Sell Side M&A Blog Series - Vol 3 - Earn-Outs ... Do They Work?
An earnout provision in a business sale refers to a transactional tool used to compensate a seller for future profits or sales. It is a contingent provision of the purchase price and is typically an amount paid in addition to the base purchase price.
An earnout provides for additional compensation to the seller if the financial performance of the company exceeds certain pre-determined levels. An earnout provision can provide real advantages to both the buyer and seller. Some circumstances are particularly conducive to a transaction structure with an earnout component. An acquirer customarily wants to buy based on today’s earnings or sales and conversely the seller seeks a price based on tomorrow’s profits or sales due to the “potential” of the business. Situations in which an earnout may apply include: If the price gap between buyer and seller valuation is significant, an earnout can be a reasonable method to bridge this difference based upon actual future results. For example, a seller may believe the company is poised for substantial expansion and therefore deserves an aggressive or premium price.
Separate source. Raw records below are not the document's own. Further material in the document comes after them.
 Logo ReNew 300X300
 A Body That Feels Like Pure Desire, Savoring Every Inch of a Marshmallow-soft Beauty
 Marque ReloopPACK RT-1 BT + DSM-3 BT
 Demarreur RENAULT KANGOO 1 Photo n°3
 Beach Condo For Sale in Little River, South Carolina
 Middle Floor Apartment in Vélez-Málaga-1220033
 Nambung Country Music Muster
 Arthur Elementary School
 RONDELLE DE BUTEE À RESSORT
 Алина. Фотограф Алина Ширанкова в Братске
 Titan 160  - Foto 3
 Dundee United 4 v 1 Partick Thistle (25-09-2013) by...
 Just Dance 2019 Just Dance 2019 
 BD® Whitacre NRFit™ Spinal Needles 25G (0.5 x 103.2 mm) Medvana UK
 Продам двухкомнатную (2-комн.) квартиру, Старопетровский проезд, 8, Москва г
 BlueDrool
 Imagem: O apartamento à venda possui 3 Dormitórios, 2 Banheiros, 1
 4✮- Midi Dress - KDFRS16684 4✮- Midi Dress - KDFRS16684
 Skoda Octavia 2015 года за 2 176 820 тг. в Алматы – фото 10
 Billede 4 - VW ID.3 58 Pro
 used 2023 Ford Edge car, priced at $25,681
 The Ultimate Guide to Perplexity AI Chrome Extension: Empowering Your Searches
An earnout rewards the seller financially should the expansion materialize but will not penalize the buyer if the expansion does not take place. If the business is heavily dependent on the seller’s relationships, an earnout can incentivize the seller to properly transition these relationships after the closing. It also creates an additional incentive for the seller to remain with the company in a productive capacity post closing. If the company is introducing new products or services that are not reflected in historical performance and have yet to materialize into tangible sales and earnings, an earnout provides the seller with an opportunity to reap the rewards on the investment made prior to the closing. This is also applicable to situations in which the firm may be losing money, but is turning the corner toward profitability. The company may have major customer concentrations or may be on the verge of receiving a very large contract or order. An earnout enables the seller to be compensated for these events without adversely affecting the buyer should they not materialize.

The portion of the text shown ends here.